Tom Cruise in a reboot of The Mummy

At the beginning of The Mummy a supposed Egyptian proverb appears on the screen asserting that we never die, but assume new forms and keep on living. I'm not sure if I agree with this bit of mumbo-jumbo, but if it were true I would have suggested that Universal track down the current living incarnations of Boris Karloff, Karl Freund, and Jack Pierce (the star, director and make-up artist of the 1932 Universal classic), and perhaps this movie might have had a chance to succeed. Helmed by Alex Kurtzman, written by at least five credited writers, and starring a miscast Tom Cruise, this current reboot is a mess.

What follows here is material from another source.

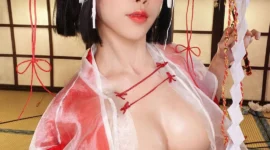 黑兽 辉夜巫女cosplay-绝对领域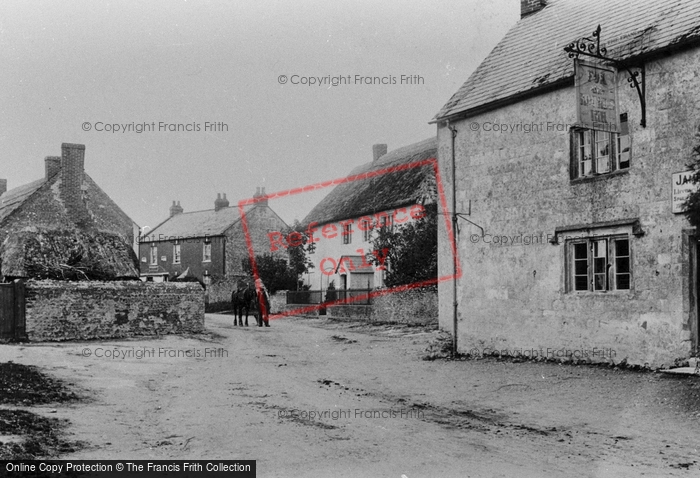 Photo of Cattistock, The Fox And Hounds 1906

Since apparently you can't keep a good mummy buried, in this go-around Karloff's original Imhotep has transgendered into pharaoh's daughter Ahmanet (Sofia Boutella), a dangerous girl with mysterious tattoos and a notion that Tom Cruise is her long-lost lover.  In her quest to recapture her rapture, she engineers a number of nasty events including a spectacular airplane crash, perhaps the highlight of the film.  It's all downhill from here as Ahmanet's kiss of death turns a number of mortals into her evil zombie minions. Most of them look sore that they landed in this turkey and not featured in the next season of The Walking Dead.

What really stinks about this reboot is that this film is merely an introduction to a new universe. Does every popular film coming out of Hollywood these days have to be pigeon-holed into an imaginary universe?  Apparently, the answer is yes.  Universal's answer to Marvel and DC is to resurrect their monster intellectual properties from the 1930s and re-vamp them into a milieu called Dark Universe. Hence the unnecessary appearance in this film of Russell Crowe as Dr. Jekyll and his doppelgänger Mr. Hyde, a monster who, curiously enough, was never a part of the Universal family, and whose greatest appearance was for Paramount Pictures in Fredric March's Oscar winning pre-Code classic.

I will end this review with A.O. Scott's insightful comment about this movie in the New York Times.  "It will be argued that this one was made not for the critics but for the fans. Which is no doubt true. Every con game is played with suckers in mind."